Dawn Kasper @ Circus Gallery
Published in Beautiful/Decay magazine
Dawn Kasper, “Life and Death” at Circus Gallery
Dawn Kasper’s visceral, uncanny self-portraits assuming the guises of various characters and re-enacting their fabricated death scenes are at once incredibly seductive and subtly humorous—perhaps precisely for their occlusion of verisimilitude. Invoking a kind of bizarre schadenfreude, the viewer can’t help but feel sickly bemused by Kasper’s cast of character’s untimely and unglamorous demises (choking on a sandwich in “Peanut Butter Shop,” or discarded, as in “Woman That Had Been Thrown out with the Garbage.”) Her visual language within these fictionalized horror mis-en-scenes owes more to the fantastic camp and vaudeville affects of tawdry wax torture museums and b-rate horror films than the gritty, stark reality of snuff films or forensic photography. Certain aesthetic clues tip the viewer off that the images are not operating under the pretense of literal-minded documents, they are, in fact, Kasper’s personal, stylized riffs on death: the overabundance of slick, glossy Karo syrup blood spilling across the floor, theatrically dark, zombie-like circles or the completely unnatural, mask-like white pallor of her face make-up. In many ways, these aesthetic details are precisely what make the images so compelling. Cutting through the constant droning hum of our current media saturated environment is no easy task, where we are constantly exposed to “authentic” images of tragedy, violence, death, crime scandals, car crashes and the like- yet Kasper’s accessible and appealing images somehow hit an underlying nerve.
Perhaps because the impetus behind Kasper’s images is not to devise sensationalist spectacles—though they are visually alluring. Rather, Kasper’s modus operandi is fundamentally rooted in the sincere existentialist task of questioning the nature and meaning of life-and, accordingly cathartically wrestling with, methodically and unnervingly, gazing upon her own demise. In an interview, Kasper relayed that in simulating these deaths, she wanted to believe that she would never have to die in such a fashion.
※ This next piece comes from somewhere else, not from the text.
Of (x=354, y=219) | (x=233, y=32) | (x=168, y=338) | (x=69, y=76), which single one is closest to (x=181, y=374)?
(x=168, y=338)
Thus imagining, organizing, researching, acting out and actively creating indexical, self-imposed projections of her own corpse in some ways allows Kasper to reconcile and exert control over a phenomena in which she in fact has little agency.
I was instantly reminded of Hippolyte Batard’s Autoportrait en nove (Self Portrait as a Drowned Man), in which he presented a photograph of himself slumped over, described as a body that was sadly “unclaimed” in the morgue, to express his despair that the French government chose to credit Daguerre (rather than him) as the inventor of photography. In many ways, both Kasper and Batard’s images are compelling representations of an honest attempt to re-insert their “being” into the collective consciousness- and ironically, forestalling death or disappearance. As Walter Benjamin has philosophized within his theories on photography, these images reference the desire to bring things “closer” spatially and humanly- to get hold of an object at a close range by way of its likeness and reproduction.
By positing her own visage as both subject and object, living and dead, Kasper essentially accesses and taps into the nature of the “self,” via its visible, corporeal form. She enigmatically asserts and illustrates that the body as a vessel for meaning is never fixed nor simple, but a guile magician, constantly shape-shifting, re-assuming forms, its meaning both transitory and contingent. Or as Nietzsche so eloquently wrote: “To the despisers of the body will I speak my word. Soul is only a word for something about the body. The body is a big sagacity, a plurality with one sense, a war and a peace, a flock and a shepherd.”